DATA TO EXAMINE —
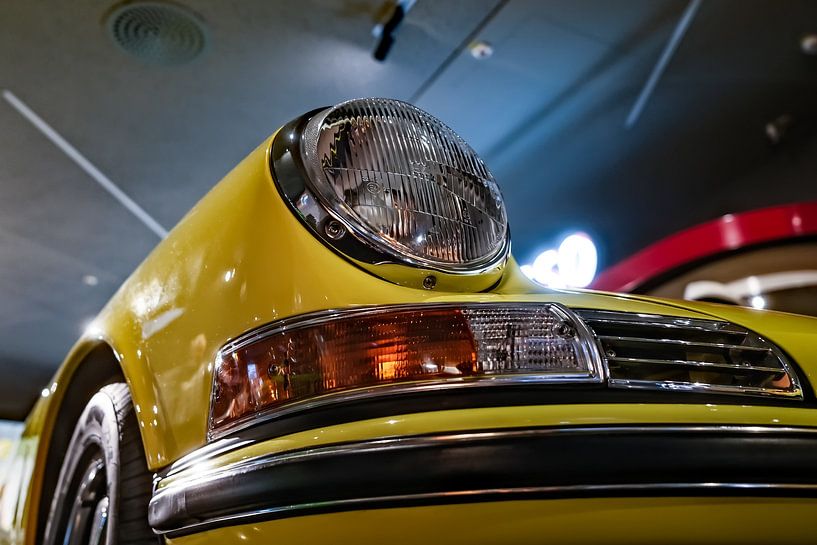 Sports car in yellow by Thomas Riess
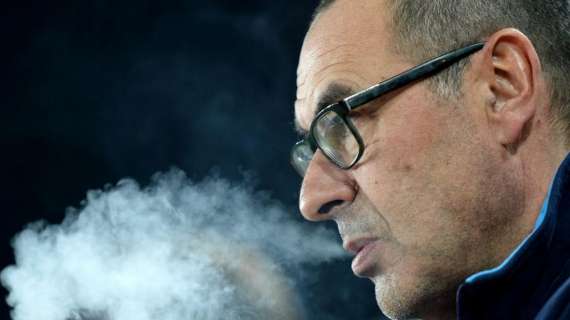 VIDEO - Sarri: "Basta domande sulle sigarette..."
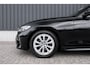 BMW 3-Serie Touring 320i High Executive*Trekhaak*Navigatie*Automaat*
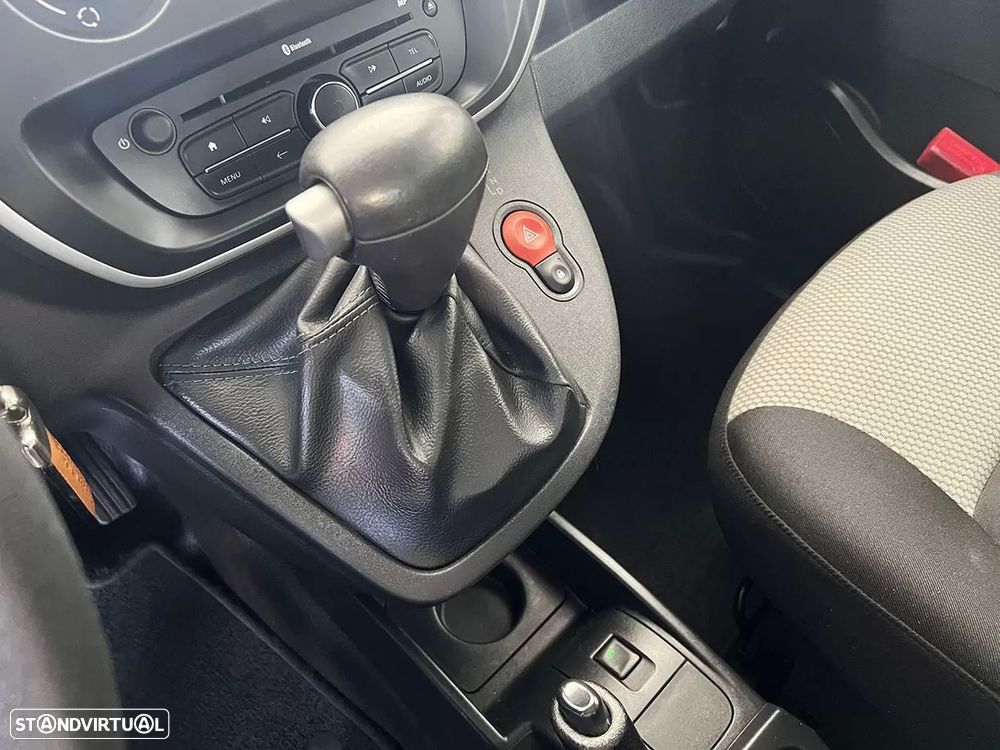 Renault Kangoo Z.E. 33 - 14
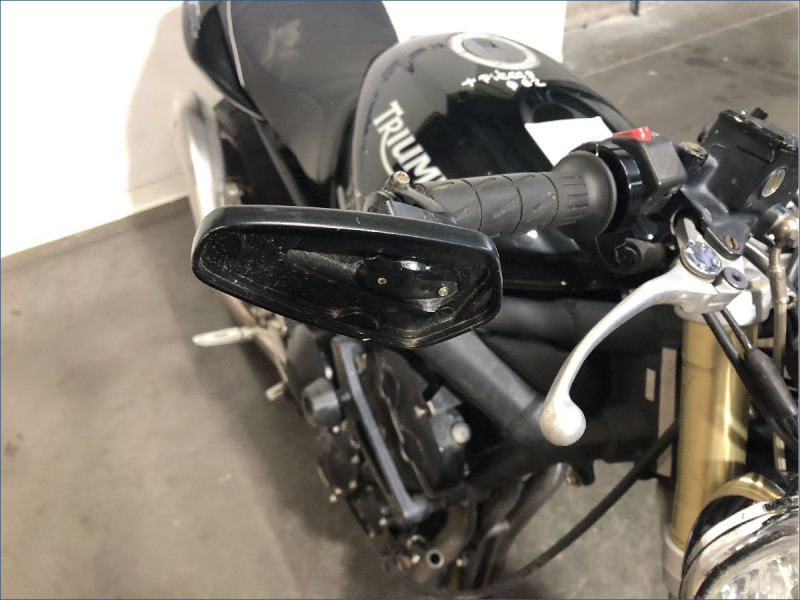 TRIUMPH 675 STREET TRIPLE 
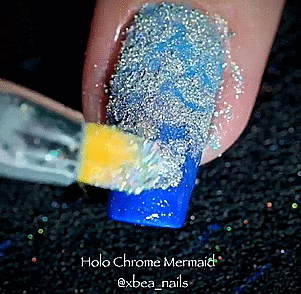nailpornography:  Holo Chrome Mermaid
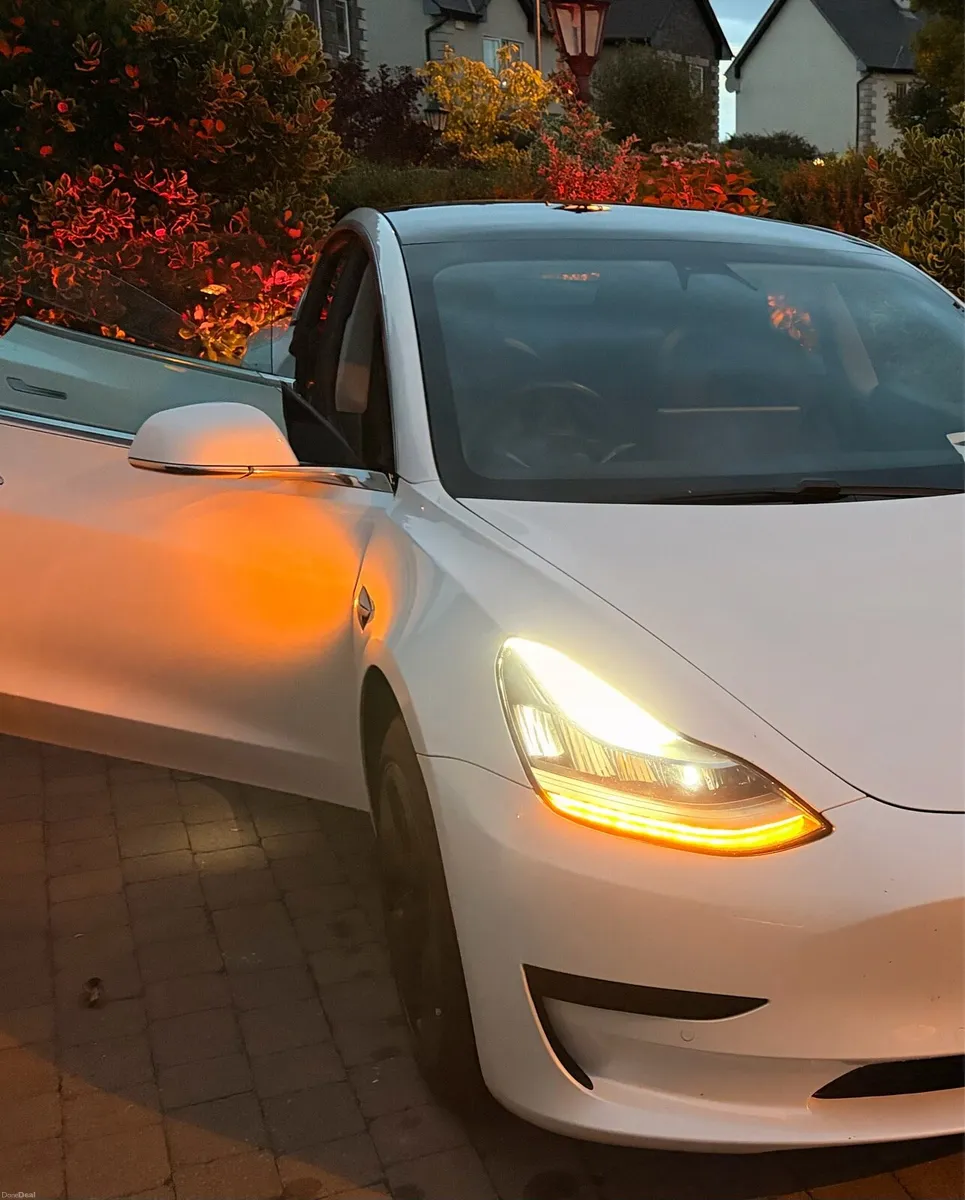 Tesla Model 3 w/ Warranty -New Suspension, Battery - Image 6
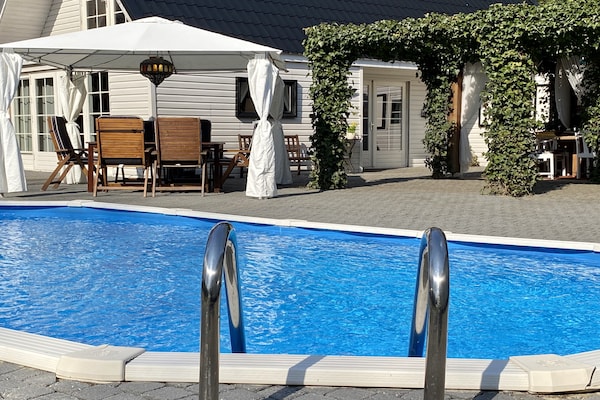 Foto van Villa in Drents-Friese Woud met Zwembad - Vakantiehuis in Wateren - PoolOfHouse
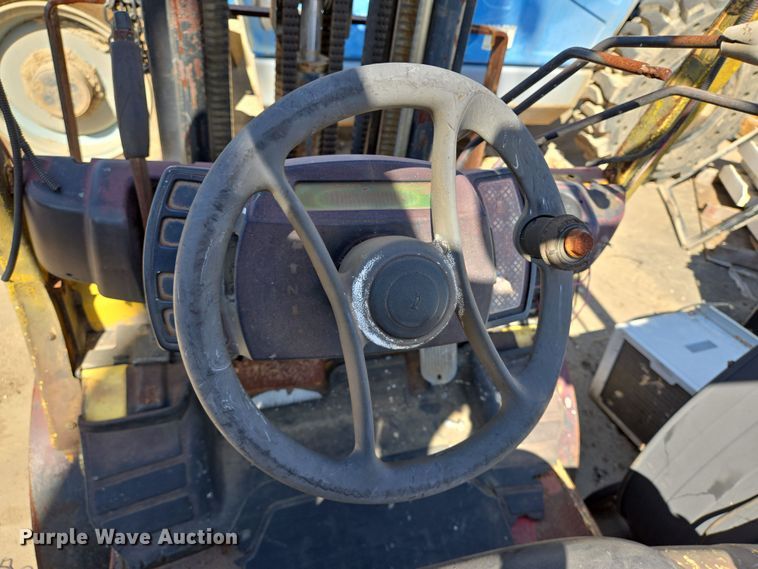 image for item DT4759 2007 Hyster H60 forklift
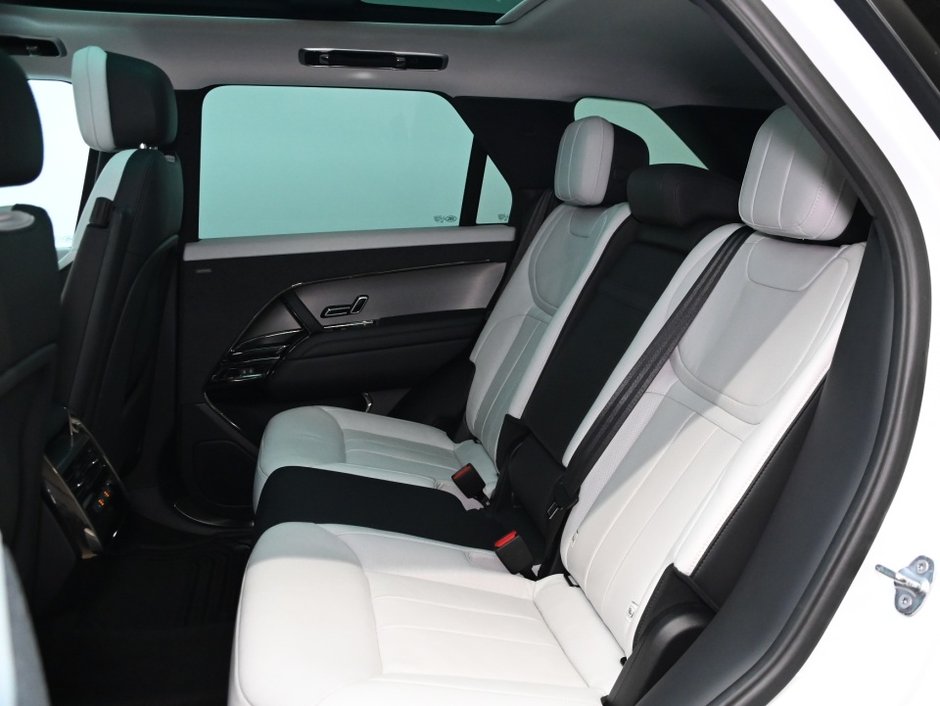 2023 Land Rover Range Rover Sport Dynamic SE-3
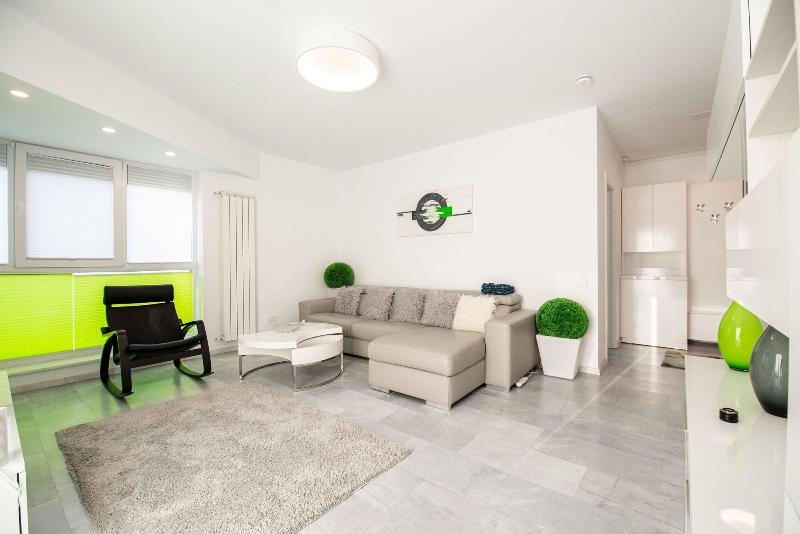 Luxury Westpark 2 Residence Lake View W2 image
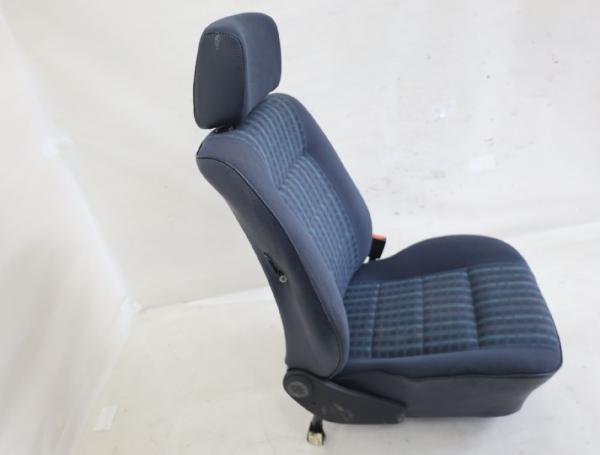 Sitz vorn rechts 165881106 VW GOLF 2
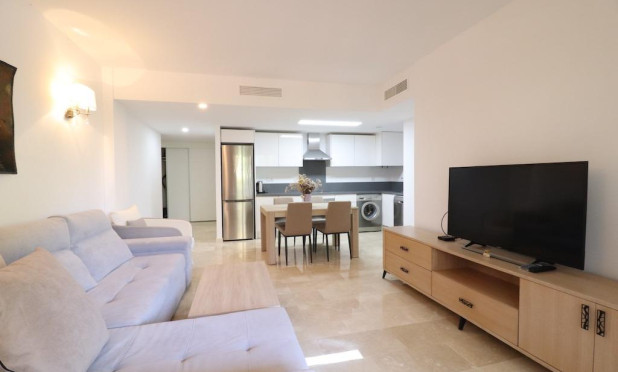 Resale - Apartment / flat - Torrevieja - Punta Prima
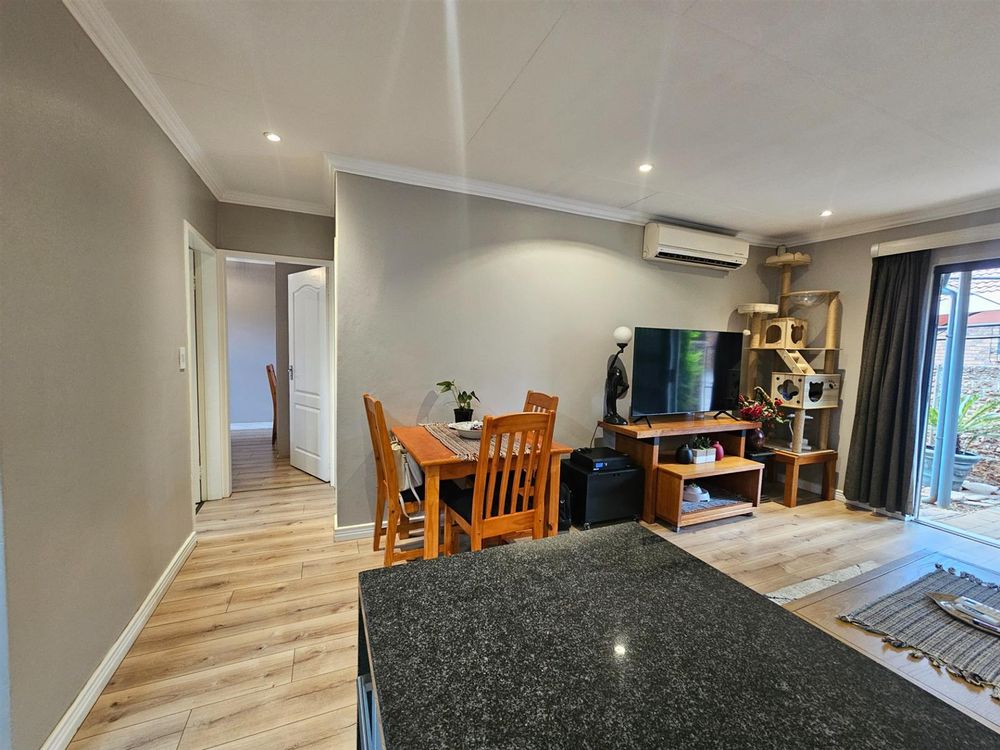 Looking toward bedrooms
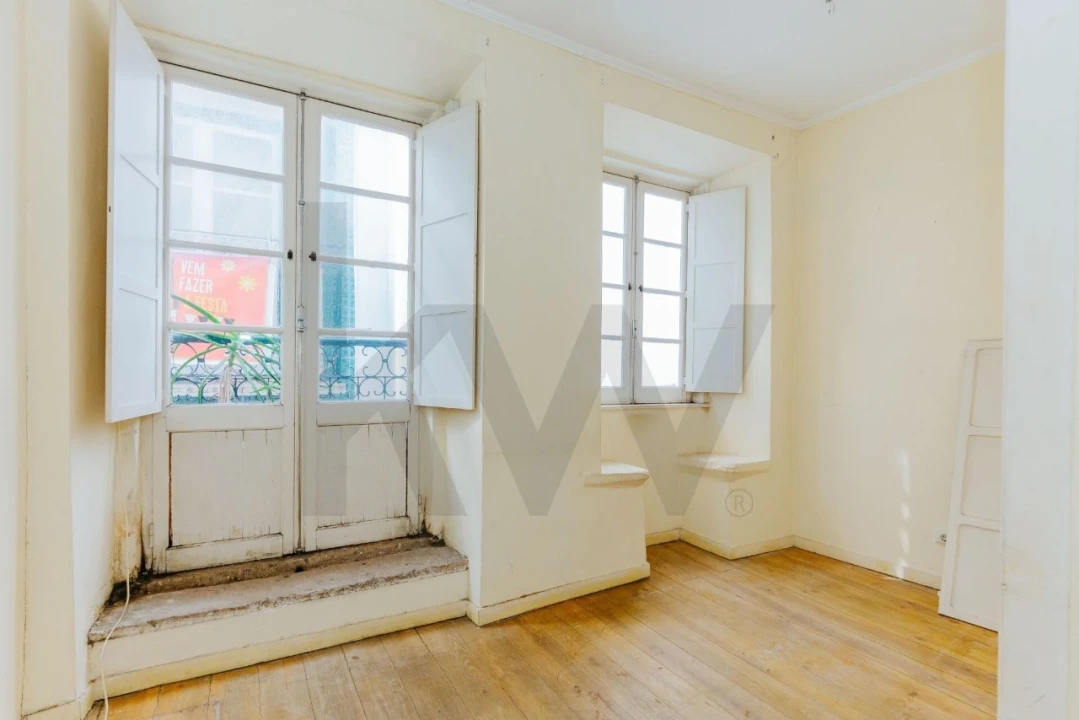 Apartamento T2 para Venda em Santa Maria Maior Foto 10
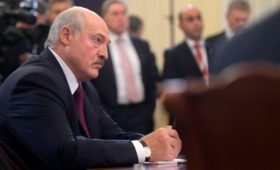 Лукашенко поручил обсудить поставки нефти с Казахстаном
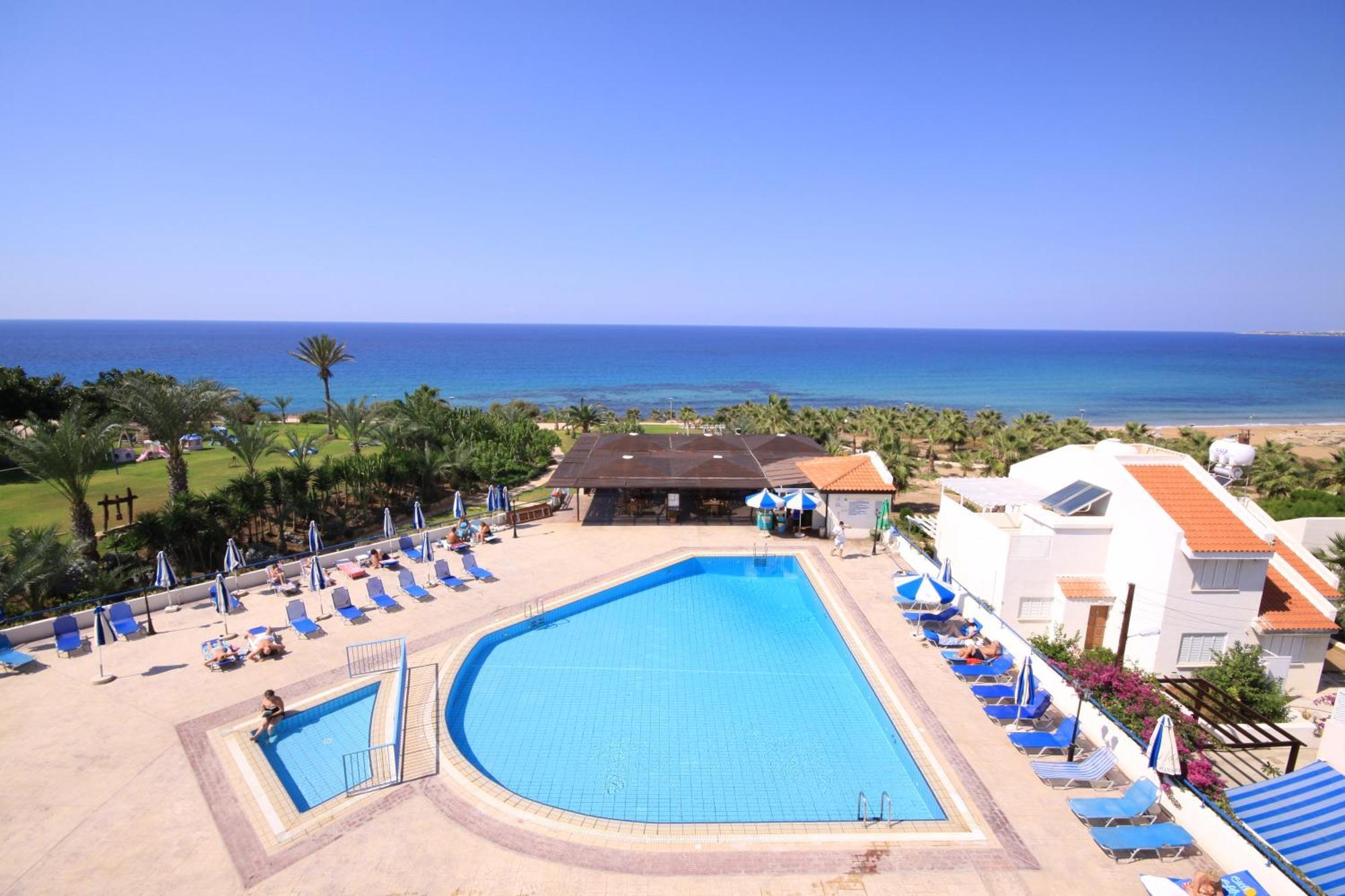 Helios Bay And Klorakas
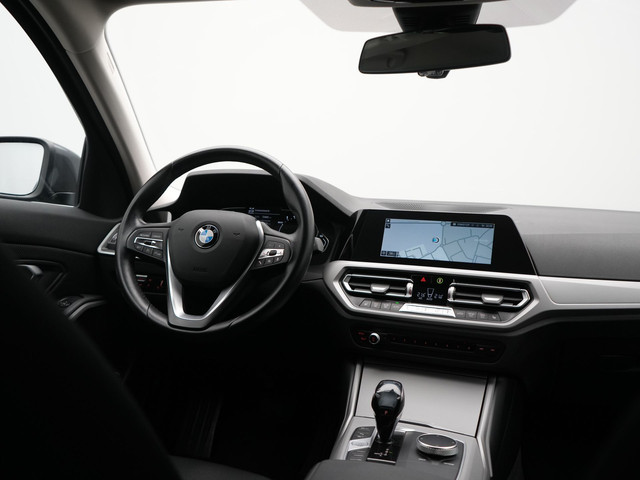 Foto 11 van BMW 3 Serie Touring 330e PHEV 293pk Dealer O.H. | Cruise Control | Camera | Stoelverwarming | Carpla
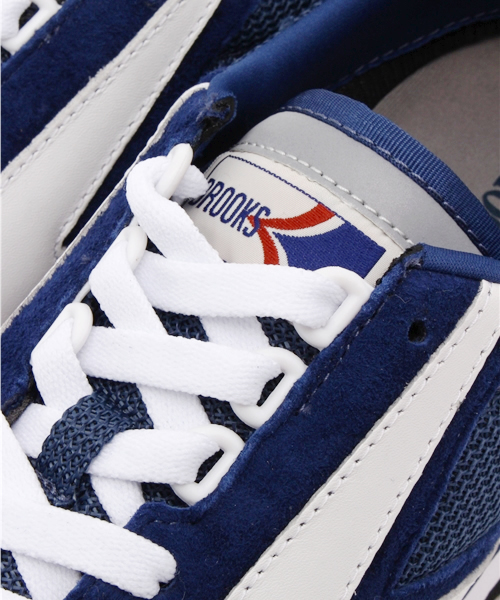 BROOKS（ブルックス）の「ＢＲＯＯＫＳ　ＣＨＡＲＩＯＴスニーカー　ＮＡＶＹ（スニーカー・メンズ・ネイビー・26cm/28cm/27cm）」の6枚目の写真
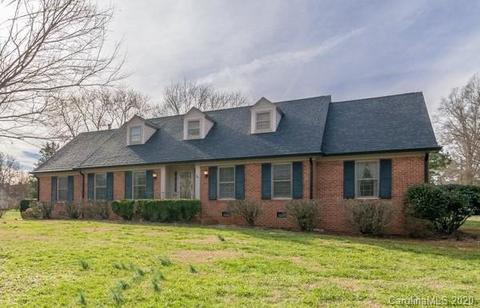 1301 E Colonial Dr, Salisbury, NC 28144 photo 2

BRIEF —
Reproduce, word for word, the lines from the one containing "Лукашенко поручил обсудить" to the end of the material, both ends included. No picture is copied.

THE COMPLETED TASK —
 Лукашенко поручил обсудить поставки нефти с Казахстаном
 Helios Bay And Klorakas
 Foto 11 van BMW 3 Serie Touring 330e PHEV 293pk Dealer O.H. | Cruise Control | Camera | Stoelverwarming | Carpla
 BROOKS（ブルックス）の「ＢＲＯＯＫＳ　ＣＨＡＲＩＯＴスニーカー　ＮＡＶＹ（スニーカー・メンズ・ネイビー・26cm/28cm/27cm）」の6枚目の写真
 1301 E Colonial Dr, Salisbury, NC 28144 photo 2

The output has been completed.